Image-caption web data

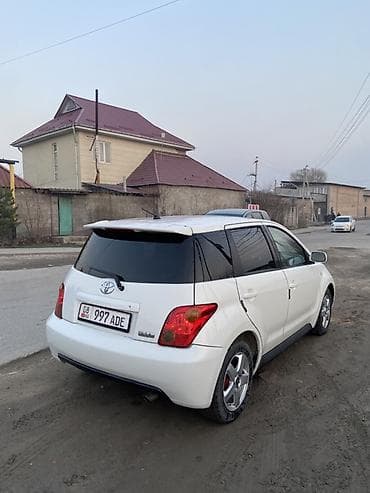Продажа авто: Toyota Ist: 2004 г., 1.5 л, Автомат, Бензин, Хэтчбэк — 4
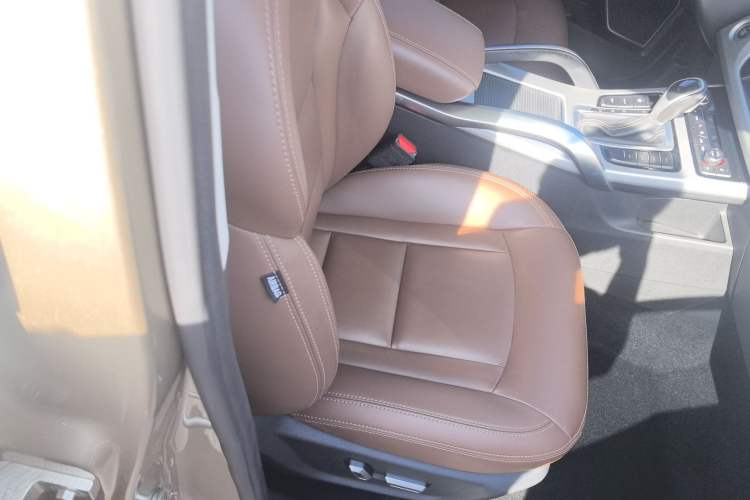 Used Geely Auto Emgrand X7 Sport 2016 1.8TD Automatic ZhiZun Version Right Front Seat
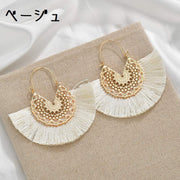 ピアス フープピアス 大ぶり レディース 女性用 アクセサリー ゆらゆら 揺れる 耳飾り フリンジ 扇 タッセル風 レース風 半円 おしゃれ ゴージャス ゴールドカラー 婦人用 大きめ 大きい 赤 青 黒 白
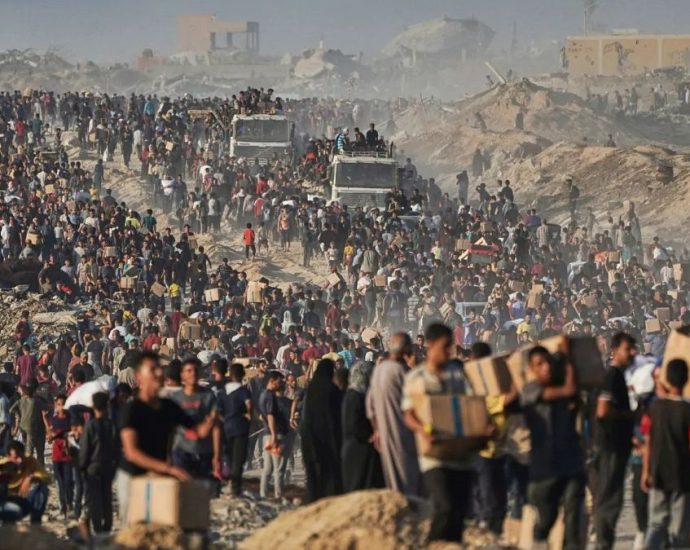 ‘the-un-is-ready-to-act’-to-get-aid-flowing-into-gaza,-unops-executive-director-says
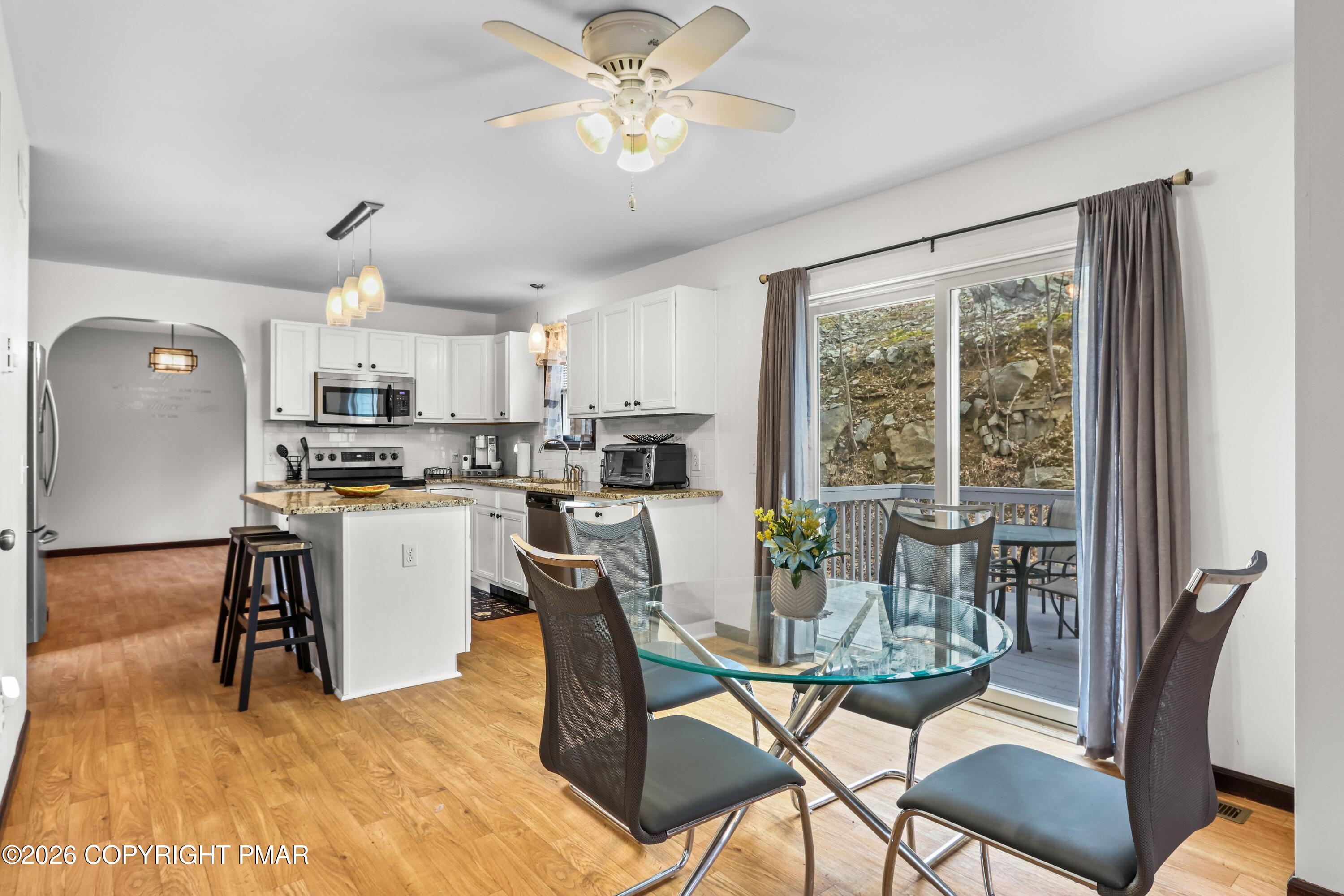 226 Regent Street Bushkill, PA 18324 - Photo 15 of 58 095A9429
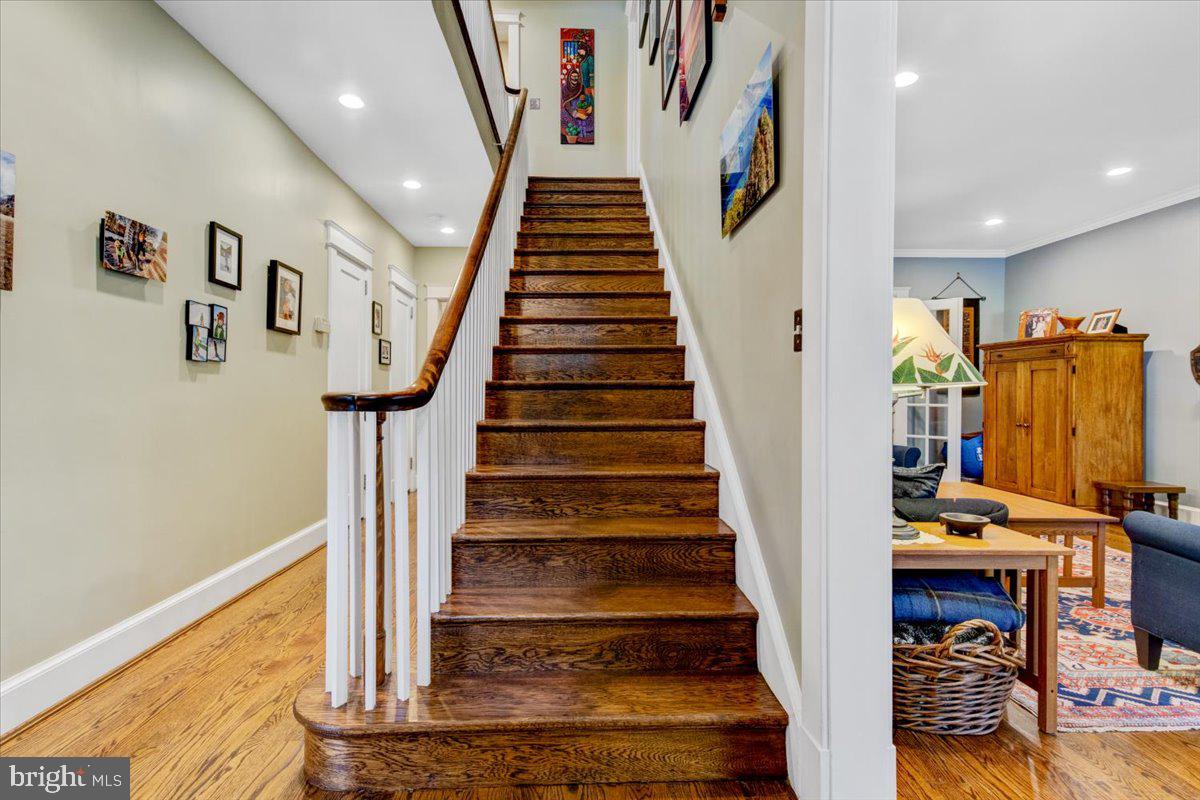 CHEVY CHASE - Residential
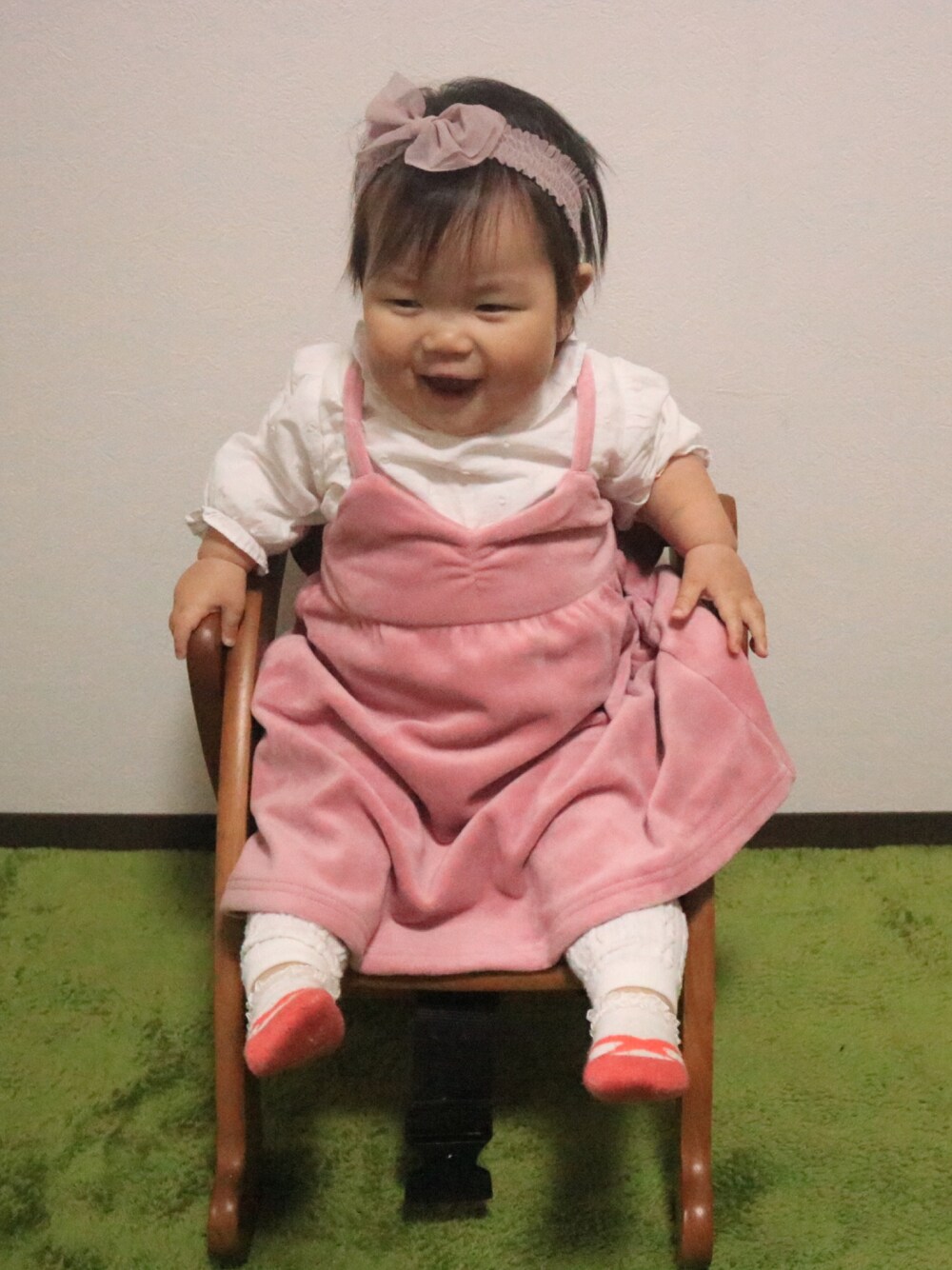 「apreslescours、BREEZE、UNIQLO、1歳、キッズコーデ、キッズファッション、女の子、おんなのこ」｜「apres les coursのフリル衿ブラウス（シャツ/ブラウス、ホワイト系）」を使った、ぶうさん（キッズ・70cm）の秋コーディネートの1枚目の写真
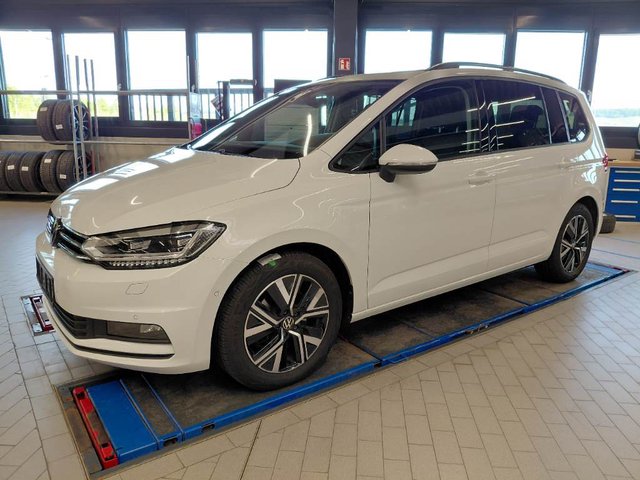 Volkswagen Touran 2.0TDI DSG 7SITZE PANO STHZ AMBIENTE RFK Gebrauchtwagen Kaufen | EZ 10/2024 | Preis 32.800 €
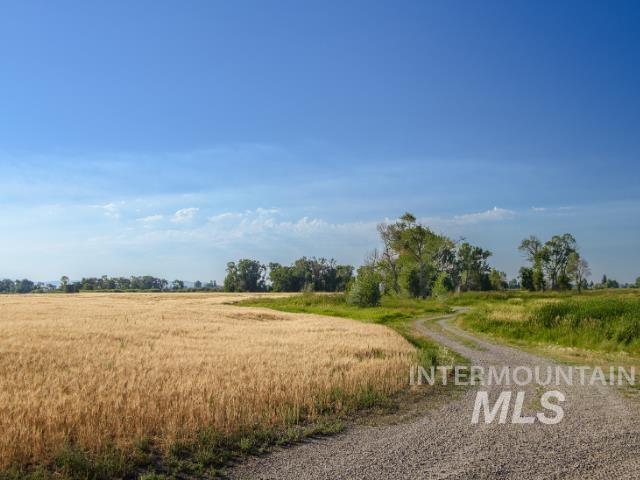 6891 W 2000 S Property Photo 22
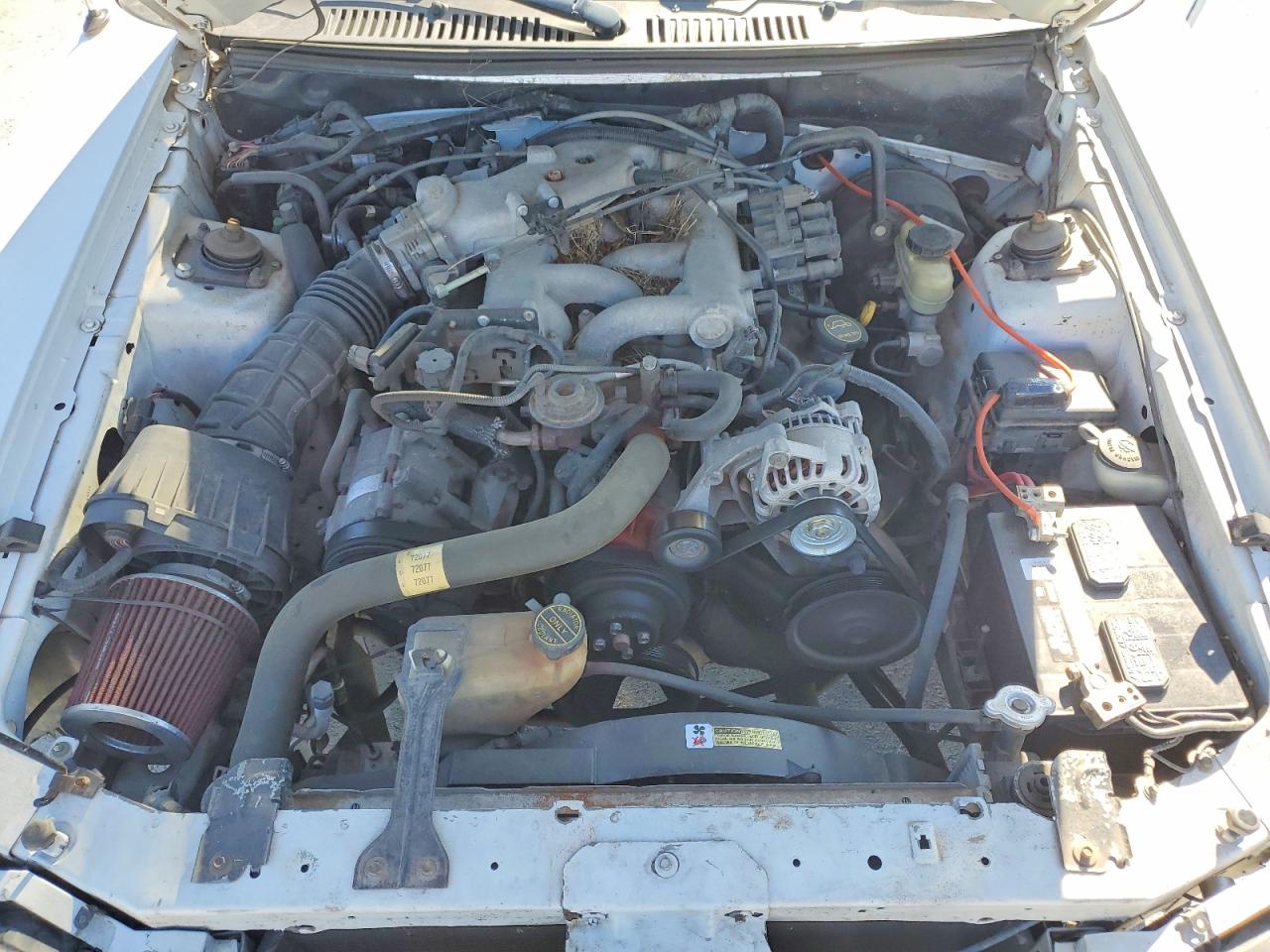 FORD MUSTANG 2004 — 12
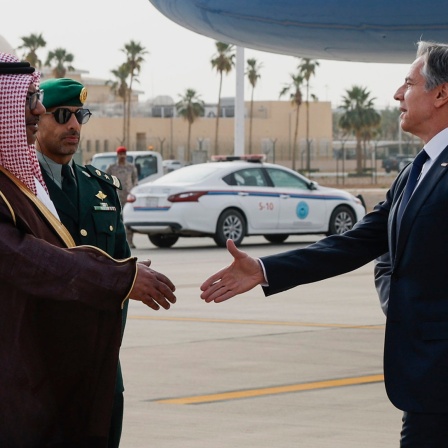 US-Außenminister Antony Blinken wird von Mohammed Al-Ghamdi, dem Direktor des saudischen Außenministeriums für protokollarische Angelegenheiten, bei seiner Ankunft in Riad, Saudi-Arabien begrüßt.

## WORK REQUEST
Every record must be copied exactly, with the pictures left out.

## OUTPUT BELOW
Продажа авто: Toyota Ist: 2004 г., 1.5 л, Автомат, Бензин, Хэтчбэк — 4
 Used Geely Auto Emgrand X7 Sport 2016 1.8TD Automatic ZhiZun Version Right Front Seat
 ピアス フープピアス 大ぶり レディース 女性用 アクセサリー ゆらゆら 揺れる 耳飾り フリンジ 扇 タッセル風 レース風 半円 おしゃれ ゴージャス ゴールドカラー 婦人用 大きめ 大きい 赤 青 黒 白
 ‘the-un-is-ready-to-act’-to-get-aid-flowing-into-gaza,-unops-executive-director-says
 226 Regent Street Bushkill, PA 18324 - Photo 15 of 58 095A9429
 CHEVY CHASE - Residential
 「apreslescours、BREEZE、UNIQLO、1歳、キッズコーデ、キッズファッション、女の子、おんなのこ」｜「apres les coursのフリル衿ブラウス（シャツ/ブラウス、ホワイト系）」を使った、ぶうさん（キッズ・70cm）の秋コーディネートの1枚目の写真
 Volkswagen Touran 2.0TDI DSG 7SITZE PANO STHZ AMBIENTE RFK Gebrauchtwagen Kaufen | EZ 10/2024 | Preis 32.800 €
 6891 W 2000 S Property Photo 22
 FORD MUSTANG 2004 — 12
 US-Außenminister Antony Blinken wird von Mohammed Al-Ghamdi, dem Direktor des saudischen Außenministeriums für protokollarische Angelegenheiten, bei seiner Ankunft in Riad, Saudi-Arabien begrüßt.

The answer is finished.